» **Problem statement**
The records below must be reproduced exactly. Strip out the pictures.

» **Data extracts**
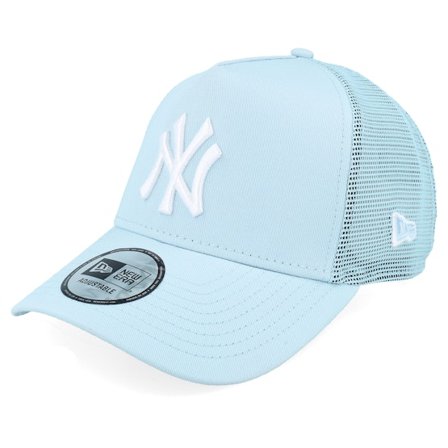 New Era - New York Yankees League Essential Pale Blue/White A-frame Trucker Trucker Blue Cap - MLB @ Hatstore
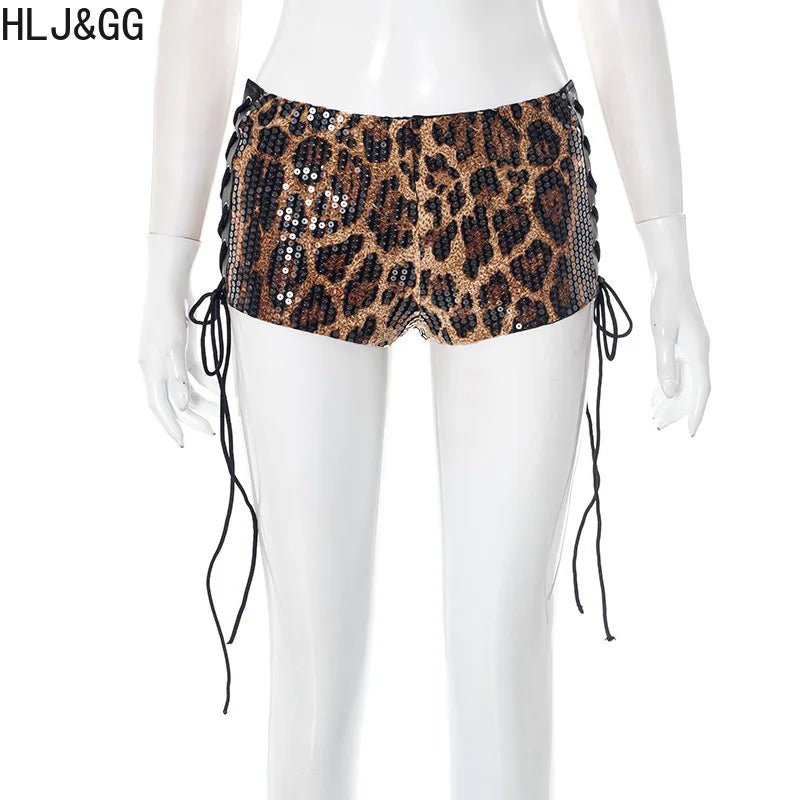HLJ&GG Y2K Fashion Cherry Tshirts Two Piece Sets Women O Neck Short Sleeve Slim Crop Top + Bandage Sequin Leopard Shorts Outfits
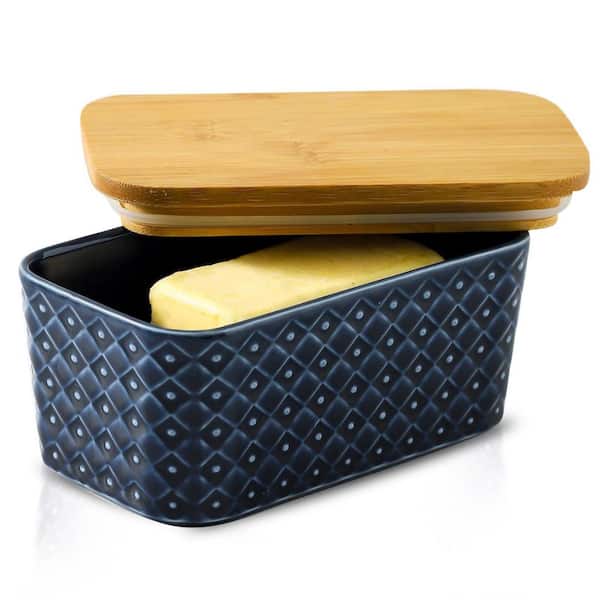 16 oz. Ceramic Butter Keeper with Lid, Dishwasher Safe for Kitchen, Embossed Design for Stylish Look in Blue (Set of 1)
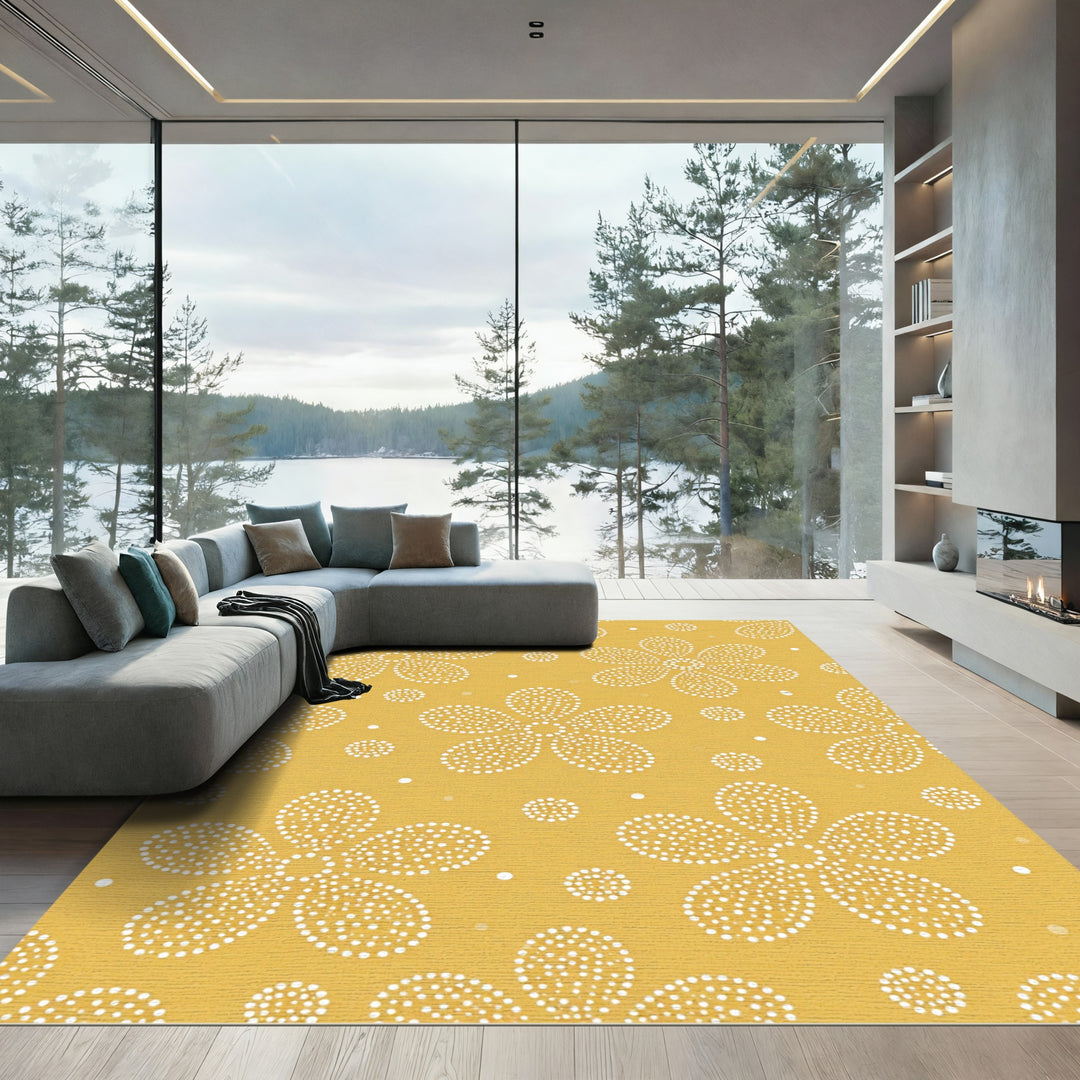 Whimsical Yellow Dotted Floral Rug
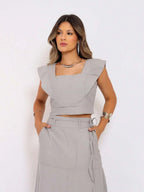 Conjunto  Cropped e Saia Alfaiataria Marrant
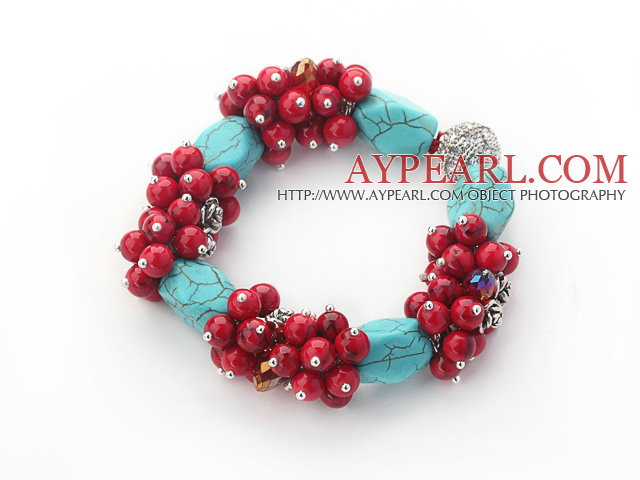 Assorted Turquoise and Round Alaqueca Stretch Bangle Bracelets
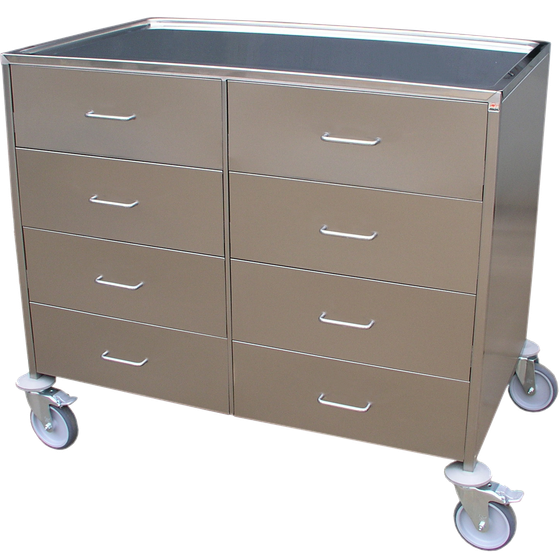8SNNZ-1000 Stainless Steel Instrument Table with Eight Drawers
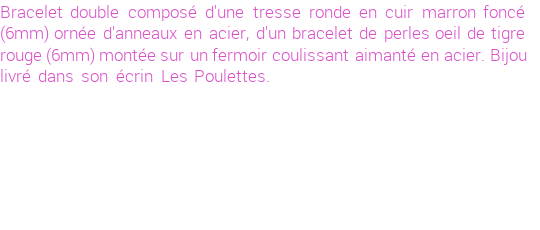 Drôle de créations de Bijoux Fantaisie, c'est un design inattendu que nous réservait Stephanie Ducauroix. Créé avec passion, ces Bijoux Fantaisie en Cuir sauront combler chaque Femme amateur de bijoux et accessoires originaux. De couleur Marron, il possède les dimensions suivantes. Longueur de 195mm. Largeur de 16mm. Diamètre de 6mm. Il en reste 2 exemplaires, commandez rapidement. Le bijou vous sera expédié directement du site www.lespoulettes-bijoux.fr.
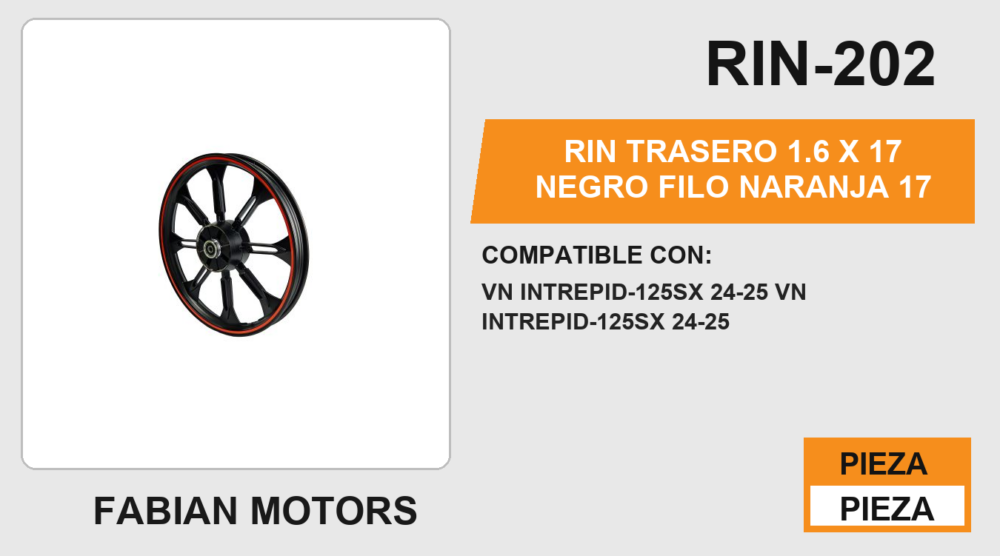 RIN TRASERO 1.6 X 17 NEGRO FILO NARANJA 17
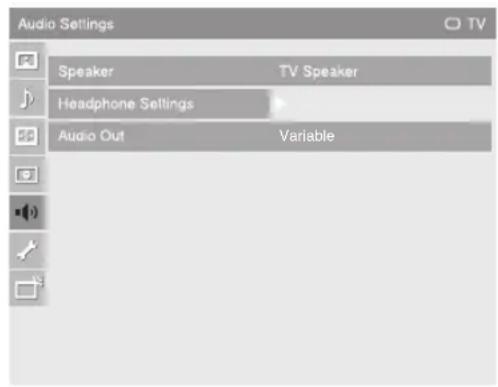Audio Settings Speaker TV Speaker Headphone Settings Audio Out Variable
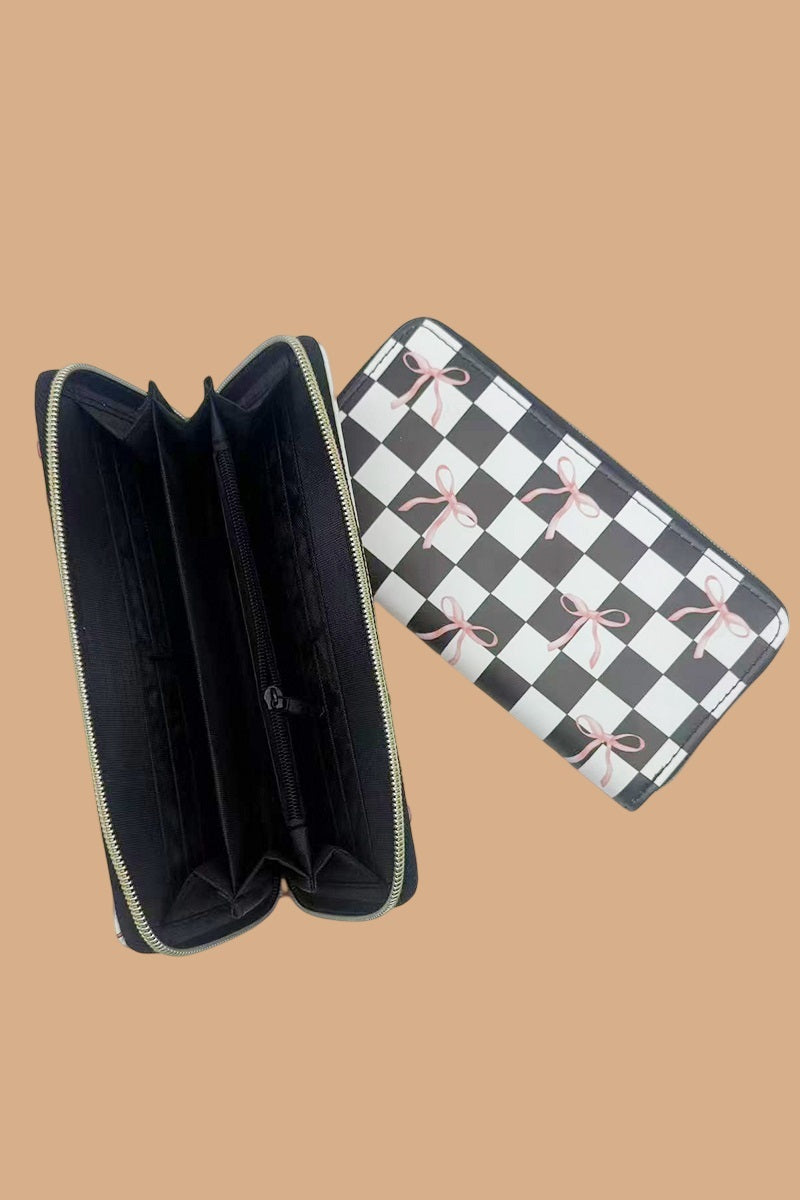 TRENDY BOW RIBBON VEGAN LEATHER LONG WALLET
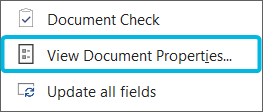 Option View Document Properties…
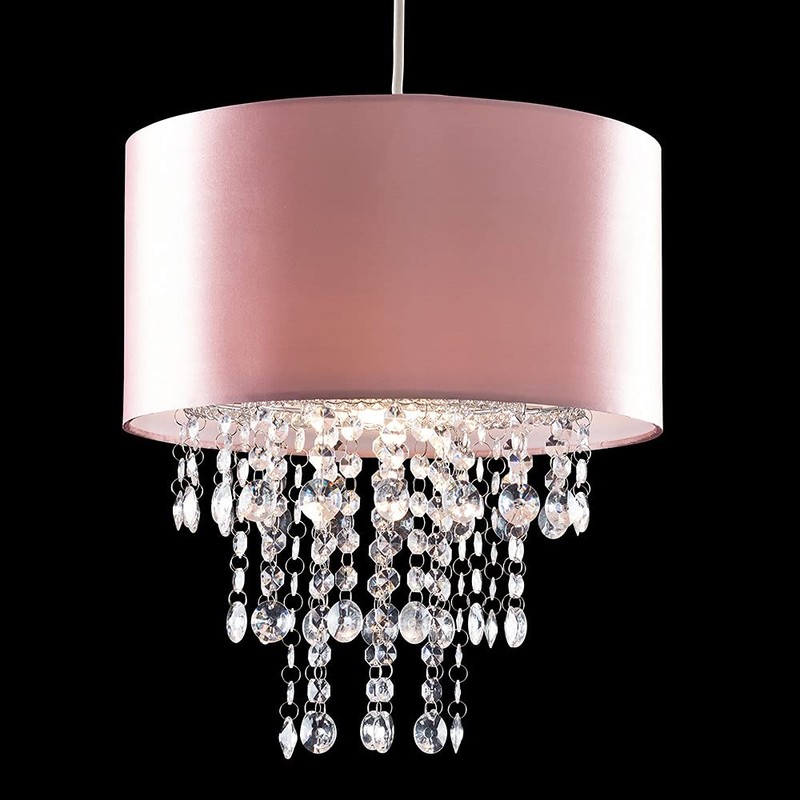 MiniSun Modern Pink Cylinder Ceiling Pendant Light Shade with Clear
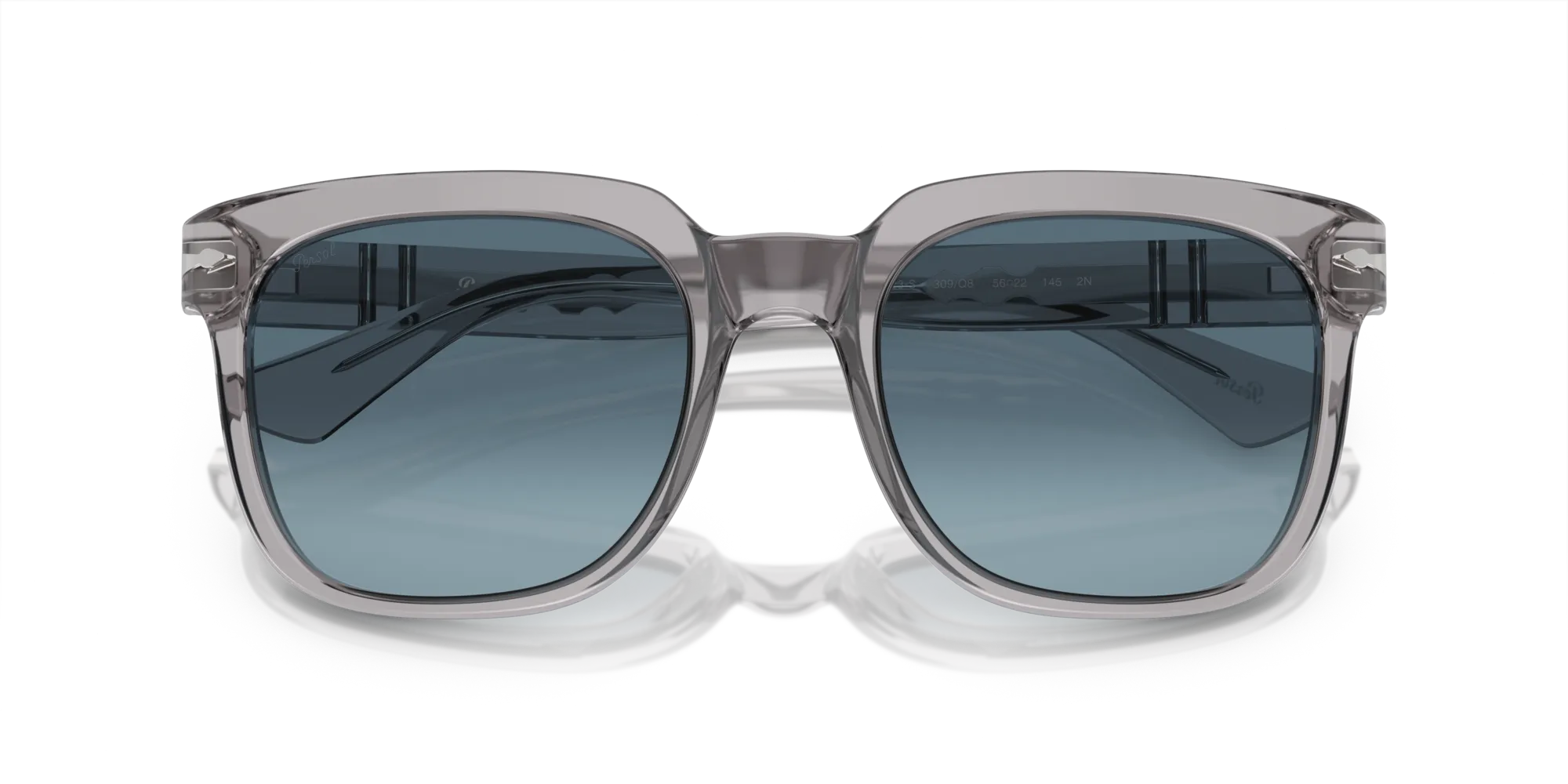 Persol PO3323S 309/Q8 Occhiali da sole Acetato Grigio Blu Squadrata Normale Sfumato - immagine 2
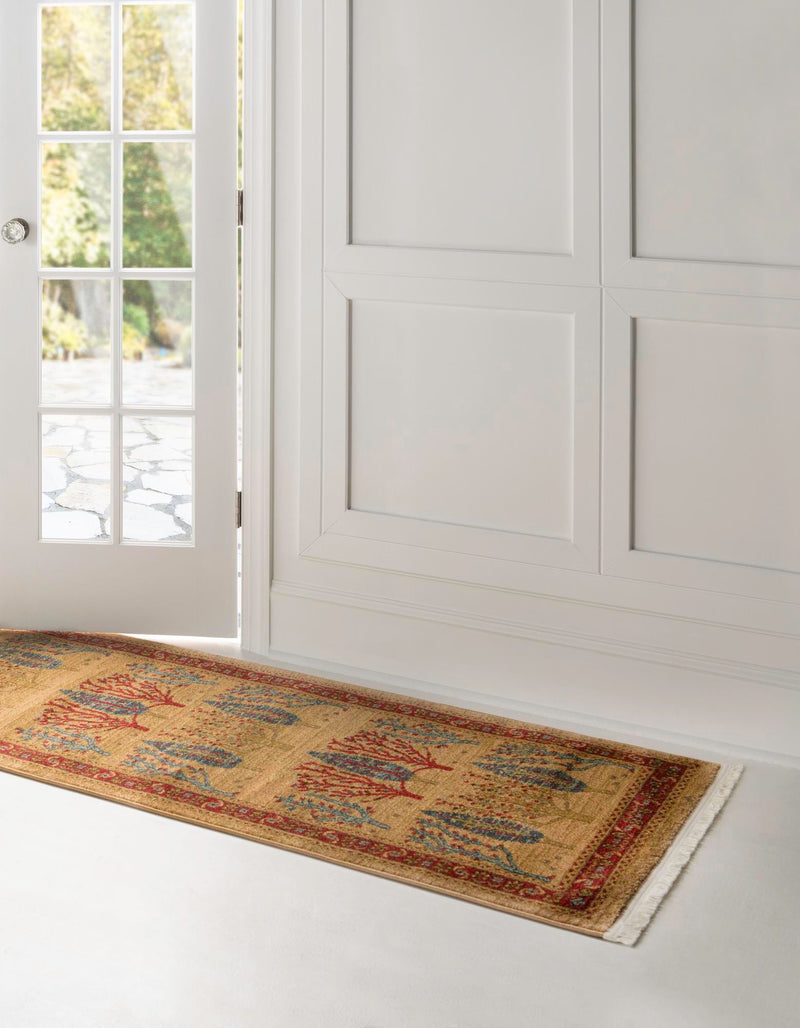 Zagros Oasis Collection Area Rug - Ilam Runner Tan lifestyle 34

» **Solution to this problem**
 New Era - New York Yankees League Essential Pale Blue/White A-frame Trucker Trucker Blue Cap - MLB @ Hatstore
HLJ&GG Y2K Fashion Cherry Tshirts Two Piece Sets Women O Neck Short Sleeve Slim Crop Top + Bandage Sequin Leopard Shorts Outfits
 16 oz. Ceramic Butter Keeper with Lid, Dishwasher Safe for Kitchen, Embossed Design for Stylish Look in Blue (Set of 1)
 Whimsical Yellow Dotted Floral Rug
 Conjunto  Cropped e Saia Alfaiataria Marrant
 Assorted Turquoise and Round Alaqueca Stretch Bangle Bracelets
8SNNZ-1000 Stainless Steel Instrument Table with Eight Drawers
 Drôle de créations de Bijoux Fantaisie, c'est un design inattendu que nous réservait Stephanie Ducauroix. Créé avec passion, ces Bijoux Fantaisie en Cuir sauront combler chaque Femme amateur de bijoux et accessoires originaux. De couleur Marron, il possède les dimensions suivantes. Longueur de 195mm. Largeur de 16mm. Diamètre de 6mm. Il en reste 2 exemplaires, commandez rapidement. Le bijou vous sera expédié directement du site www.lespoulettes-bijoux.fr.
 RIN TRASERO 1.6 X 17 NEGRO FILO NARANJA 17
Audio Settings Speaker TV Speaker Headphone Settings Audio Out Variable
 TRENDY BOW RIBBON VEGAN LEATHER LONG WALLET
 Option View Document Properties…
 MiniSun Modern Pink Cylinder Ceiling Pendant Light Shade with Clear
 Persol PO3323S 309/Q8 Occhiali da sole Acetato Grigio Blu Squadrata Normale Sfumato - immagine 2
 Zagros Oasis Collection Area Rug - Ilam Runner Tan lifestyle 34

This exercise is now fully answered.